▸ PROBLEM TO SOLVE:
Down to the last line, print the data that follows exactly, without its pictures.

Short text fragments from websites

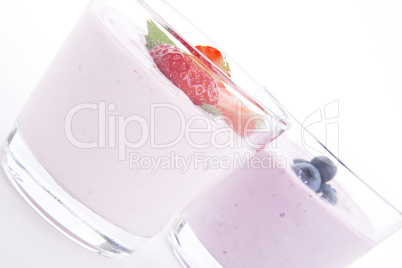 fresh tasty strawberry blueberry yoghurt shake cream isolated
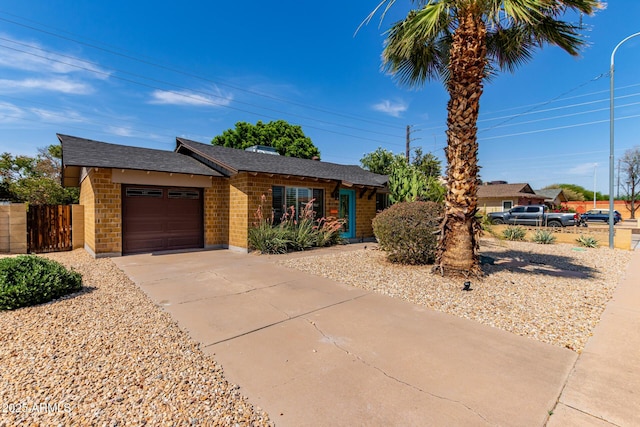 8738 E Vista Dr, Scottsdale, AZ 85250 - ranch-style home with brick siding, an attached garage, concrete driveway, and a shingled roof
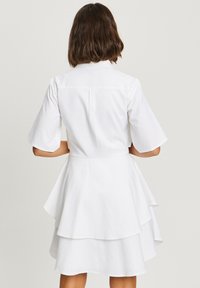 Robe blanche à manches courtes avec un ourlet à volants en cascade, un col et un dos boutonné. Le tissu semble lisse et est léger.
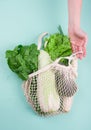 Eco-friendly beige shopping bag with grapes on a white background. String bag with fruits. Zero waste, no plastic concept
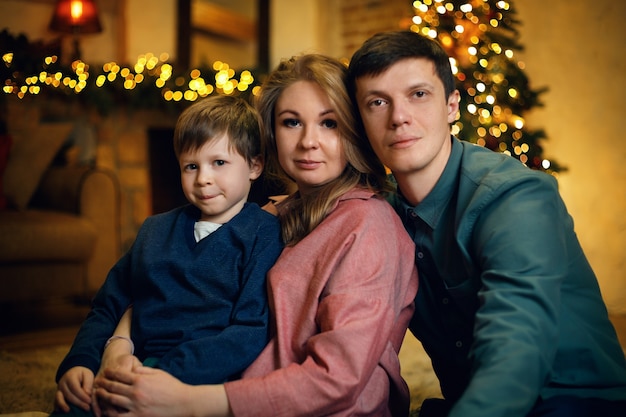 Portrait de jeune couple caucasien avec leur enfant posant sur le sol dans un intérieur de Noël confortable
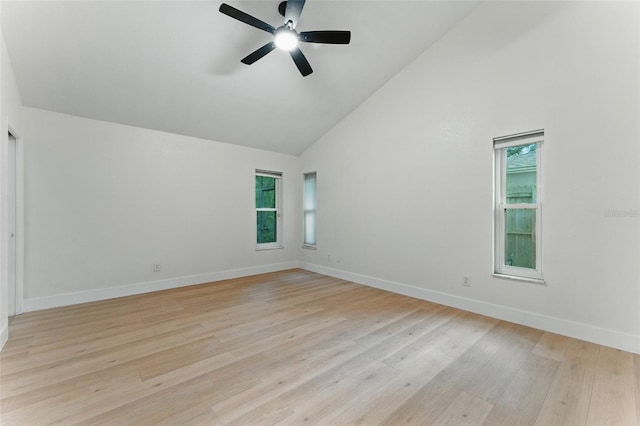 2272 Adam Ct, Palm Harbor, FL 34683 - unfurnished room featuring plenty of natural light, high vaulted ceiling, ceiling fan, and light wood-style flooring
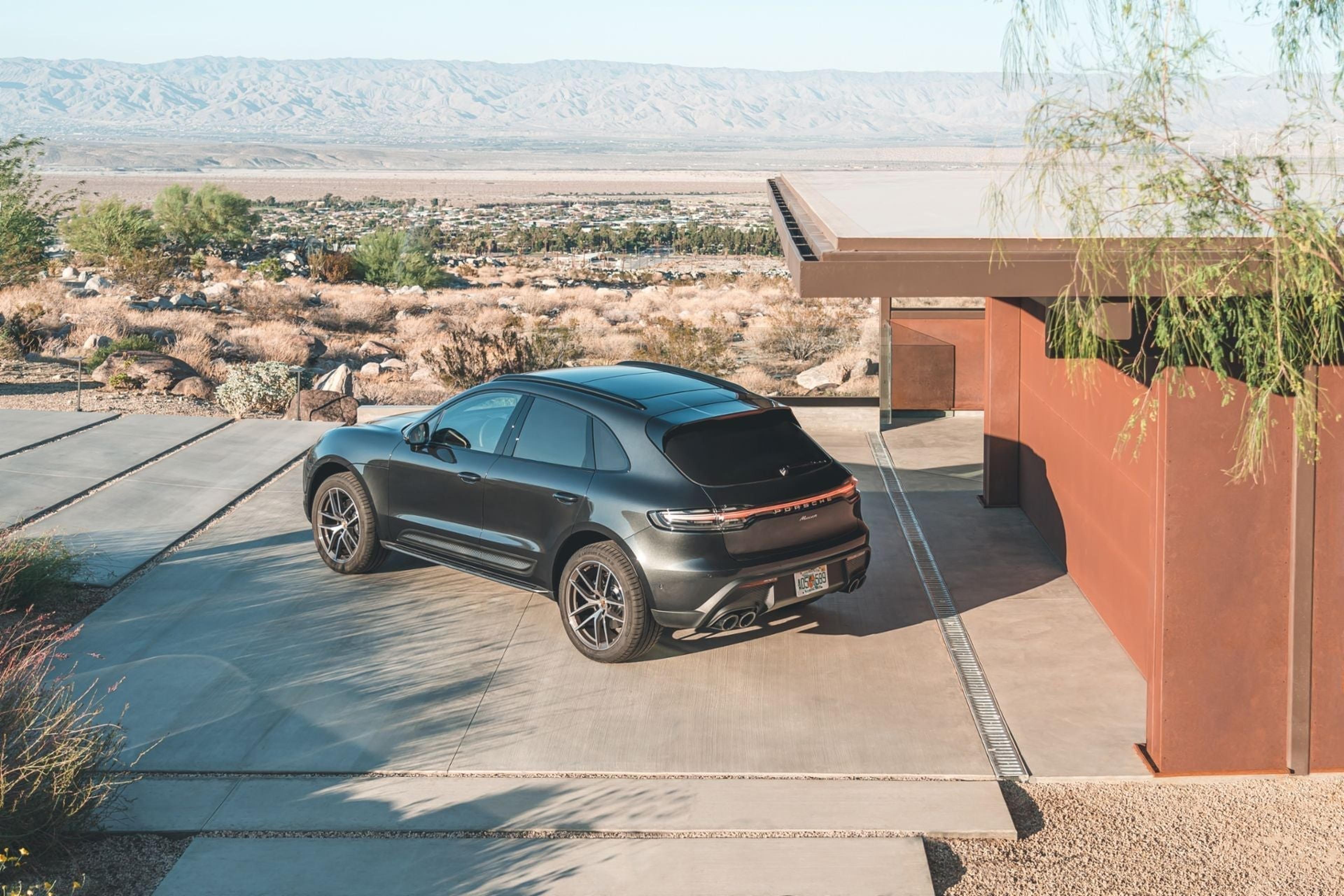 Volcano Grey Porsche Macan parked at a scenic desert overlook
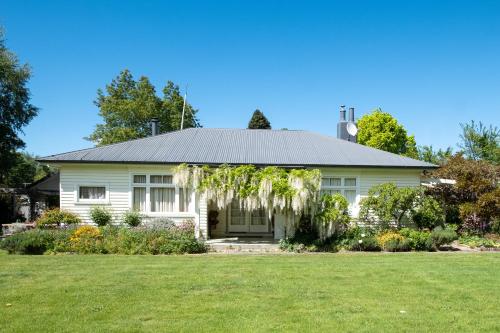 a white house with a green yard at Harrogate Gardens Motel in Hanmer Springs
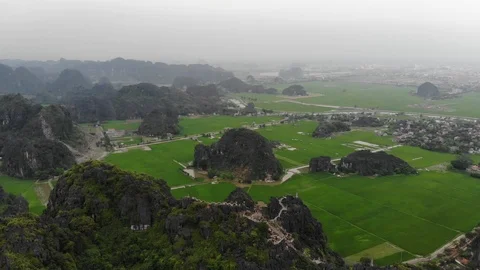 Hang Mua Temple & Rice field Stock Footage
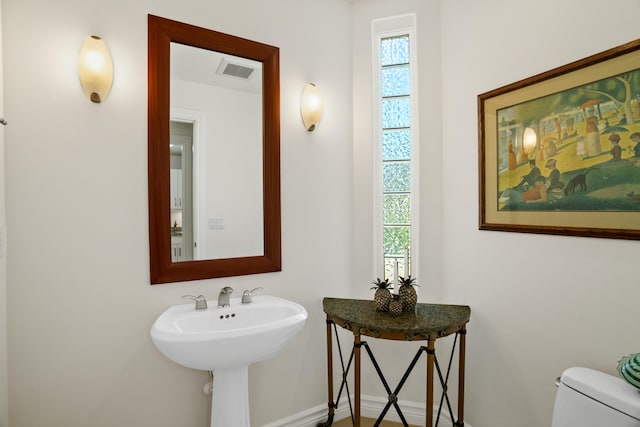 half bath with toilet, plenty of natural light, a sink, and visible vents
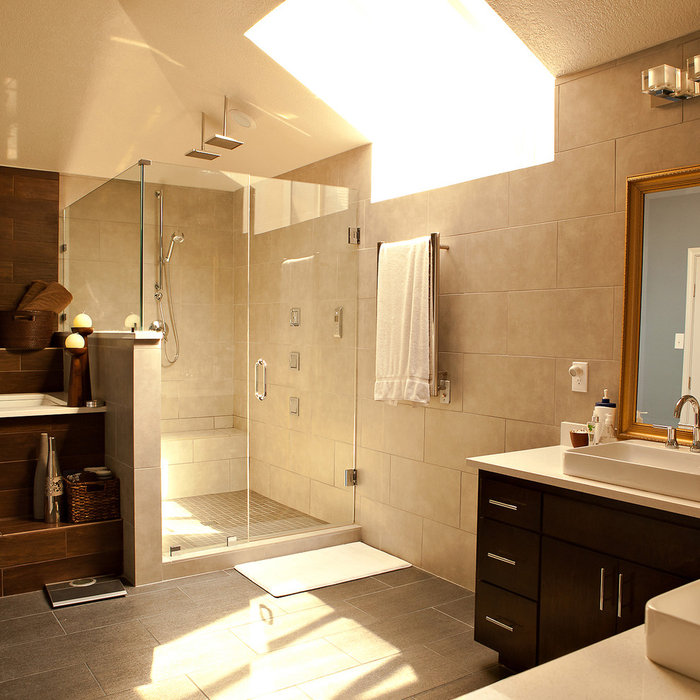 North Dallas remodeled Contemporary Master Spa Bathroom with quartz countertops, cherry wood cabinets, custom lighting, squared raised basins, oversized tiles used for flooring and accent walls, custo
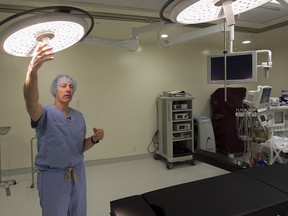 Orthopaedic surgeon Nicolas Duval adjust an operating room light, during walking tour of his Laval private medical facility on Wednesday February 3, 2016.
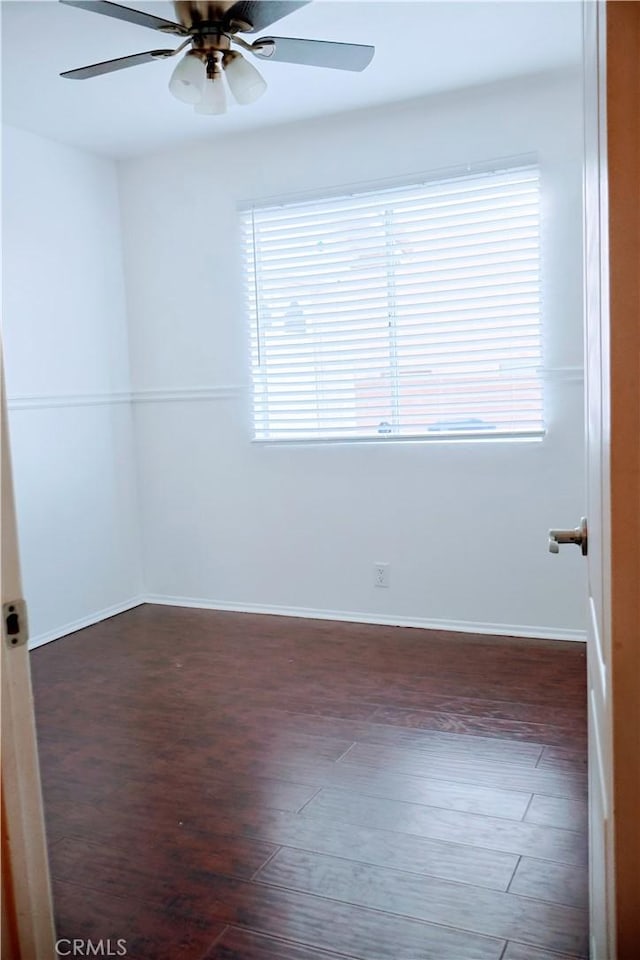 unfurnished room with dark wood-type flooring and ceiling fan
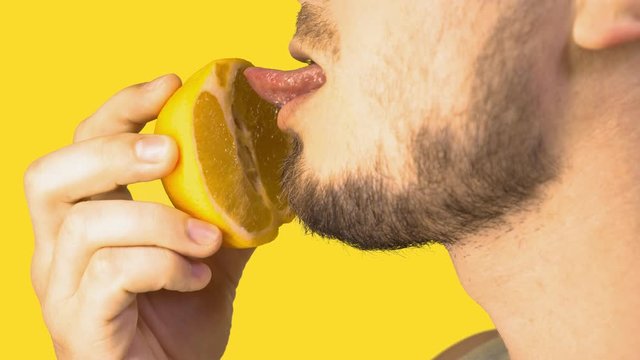 Male Tongue Licking Sliced Orange Imitating Cunnilingus on Yellow Background. Simulation of oral sex. Sexual Fruit Eating. Imitating oral sex.
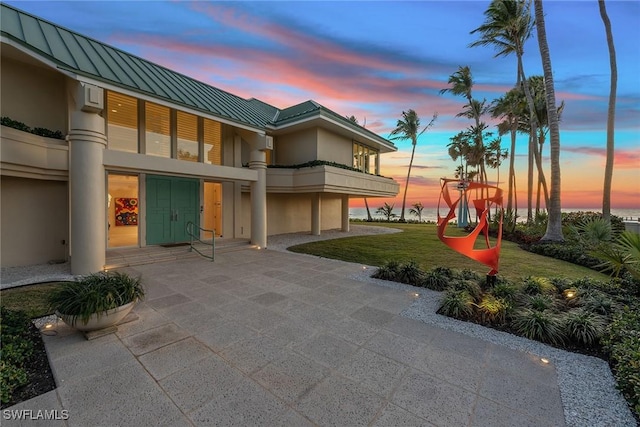 30 3rd Ave S, Naples, FL 34102 - back of property at dusk with a standing seam roof, a balcony, stucco siding, metal roof, and a yard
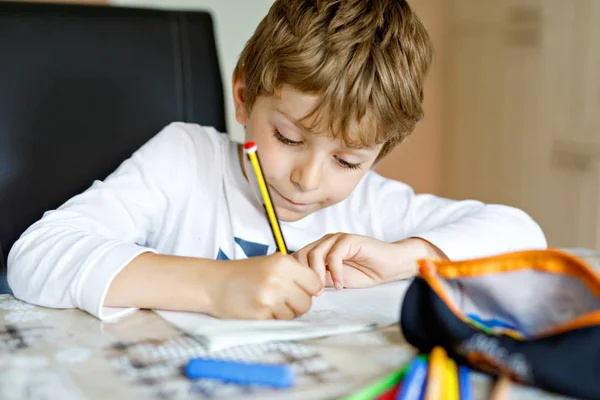 家庭で疲れている子供の少年は、カラフルなペンで文字を書く宿題を作る — ストック写真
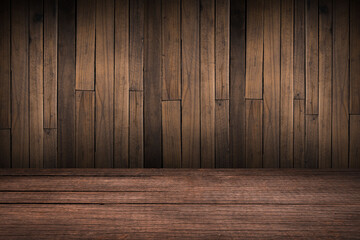 The empty space on the plank for displaying the product with the old brown wall background is dark. Wooden table surface with space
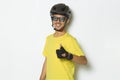 Young handsome man wearing cyclist helmet showing a thumbs up ok gesture isolated on white background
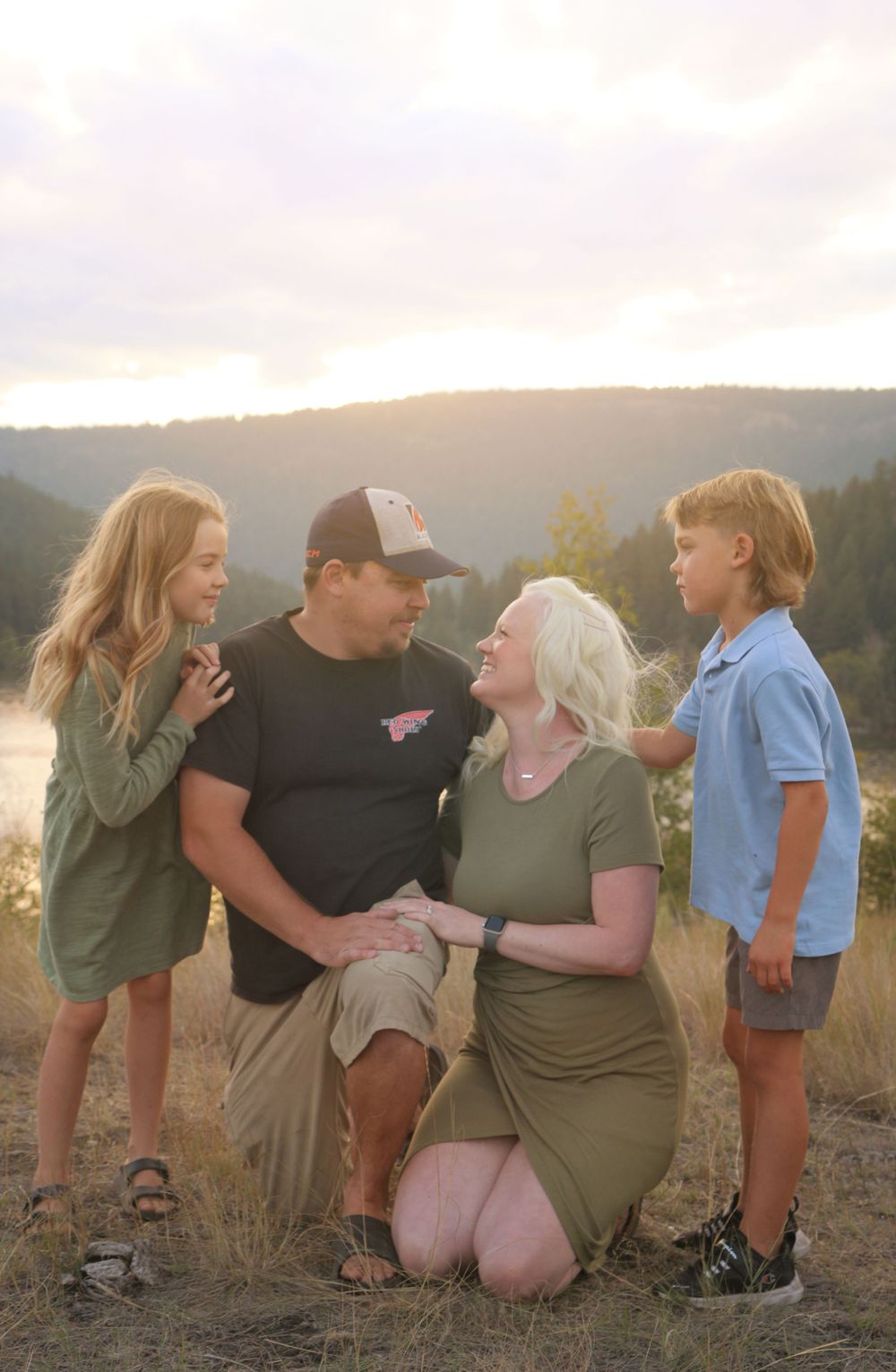 Candid family moment captured on hillside during golden hour with mountain backdrop.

▸ RESULT OF THE EXERCISE:
 fresh tasty strawberry blueberry yoghurt shake cream isolated
 8738 E Vista Dr, Scottsdale, AZ 85250 - ranch-style home with brick siding, an attached garage, concrete driveway, and a shingled roof
 Robe blanche à manches courtes avec un ourlet à volants en cascade, un col et un dos boutonné. Le tissu semble lisse et est léger.
 Eco-friendly beige shopping bag with grapes on a white background. String bag with fruits. Zero waste, no plastic concept
 Portrait de jeune couple caucasien avec leur enfant posant sur le sol dans un intérieur de Noël confortable
 2272 Adam Ct, Palm Harbor, FL 34683 - unfurnished room featuring plenty of natural light, high vaulted ceiling, ceiling fan, and light wood-style flooring
 Volcano Grey Porsche Macan parked at a scenic desert overlook
 a white house with a green yard at Harrogate Gardens Motel in Hanmer Springs
 Hang Mua Temple & Rice field Stock Footage
 half bath with toilet, plenty of natural light, a sink, and visible vents
 North Dallas remodeled Contemporary Master Spa Bathroom with quartz countertops, cherry wood cabinets, custom lighting, squared raised basins, oversized tiles used for flooring and accent walls, custo
 Orthopaedic surgeon Nicolas Duval adjust an operating room light, during walking tour of his Laval private medical facility on Wednesday February 3, 2016.
 unfurnished room with dark wood-type flooring and ceiling fan
 Male Tongue Licking Sliced Orange Imitating Cunnilingus on Yellow Background. Simulation of oral sex. Sexual Fruit Eating. Imitating oral sex.
 30 3rd Ave S, Naples, FL 34102 - back of property at dusk with a standing seam roof, a balcony, stucco siding, metal roof, and a yard
 家庭で疲れている子供の少年は、カラフルなペンで文字を書く宿題を作る — ストック写真
 The empty space on the plank for displaying the product with the old brown wall background is dark. Wooden table surface with space
 Young handsome man wearing cyclist helmet showing a thumbs up ok gesture isolated on white background
 Candid family moment captured on hillside during golden hour with mountain backdrop.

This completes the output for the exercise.